BEGIN Data

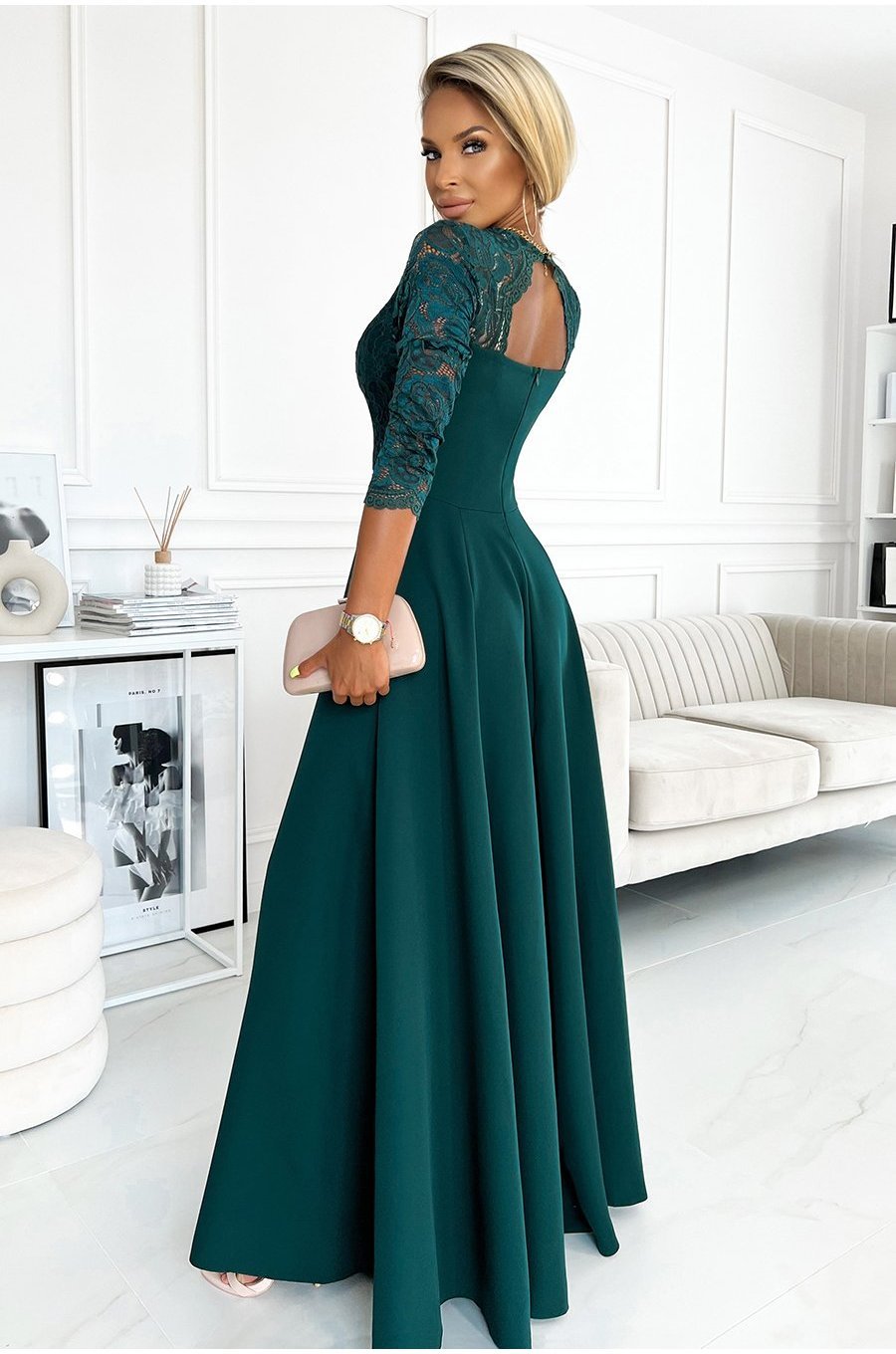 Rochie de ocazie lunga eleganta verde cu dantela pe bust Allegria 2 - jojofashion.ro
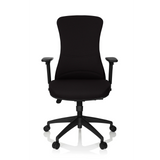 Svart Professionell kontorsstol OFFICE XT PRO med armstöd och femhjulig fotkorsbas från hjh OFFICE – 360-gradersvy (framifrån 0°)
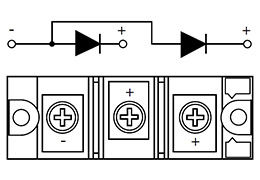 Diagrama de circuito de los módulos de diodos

END Data
BEGIN Data

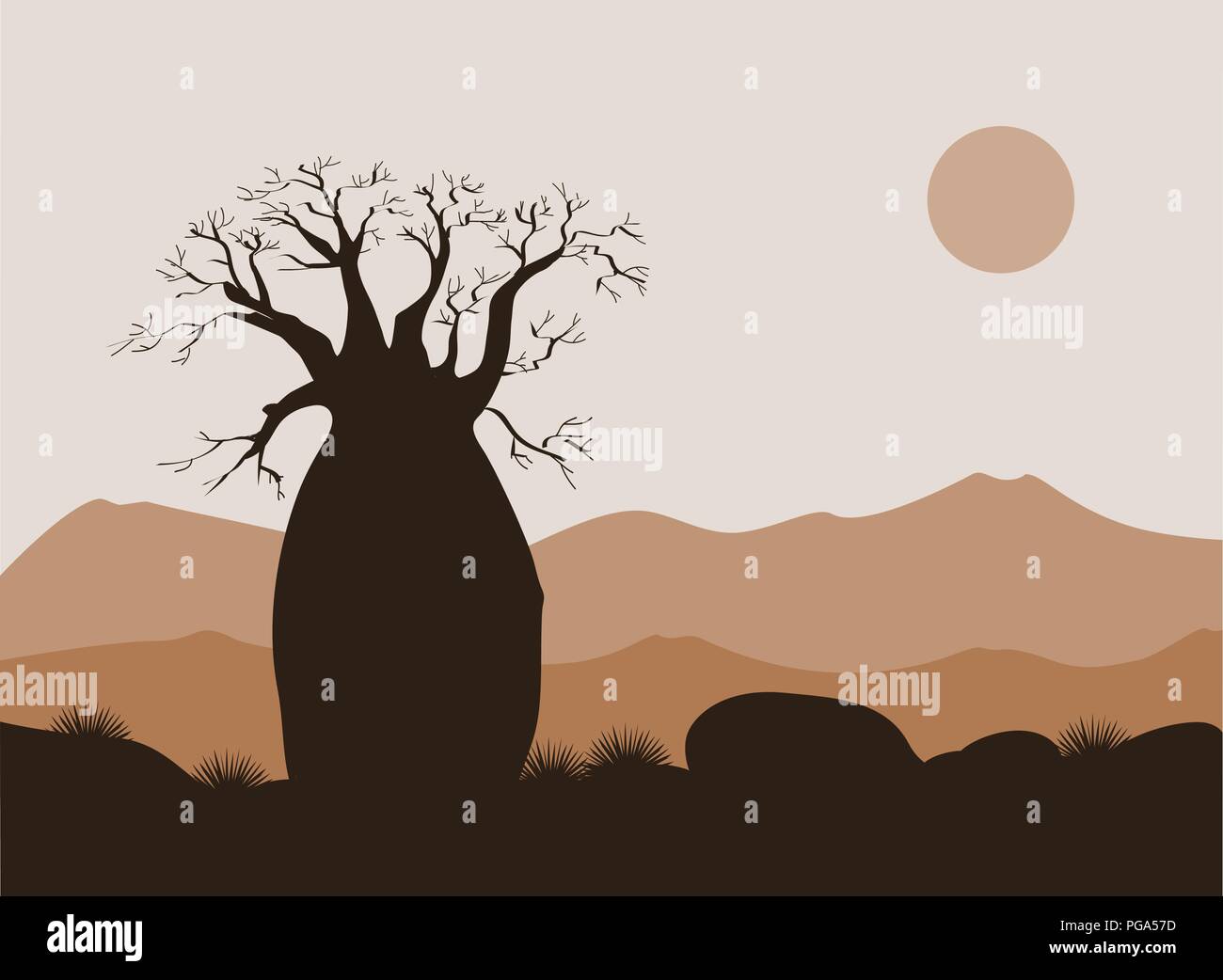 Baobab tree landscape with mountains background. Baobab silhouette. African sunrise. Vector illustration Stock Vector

END Data

Task objective
In the material above, the stretch from the line with "Rochie de ocazie" through the line with "Diagrama de circuito" is to be given again exactly, minus the pictures.

Response to the exercise
 Rochie de ocazie lunga eleganta verde cu dantela pe bust Allegria 2 - jojofashion.ro
 Svart Professionell kontorsstol OFFICE XT PRO med armstöd och femhjulig fotkorsbas från hjh OFFICE – 360-gradersvy (framifrån 0°)
 Diagrama de circuito de los módulos de diodos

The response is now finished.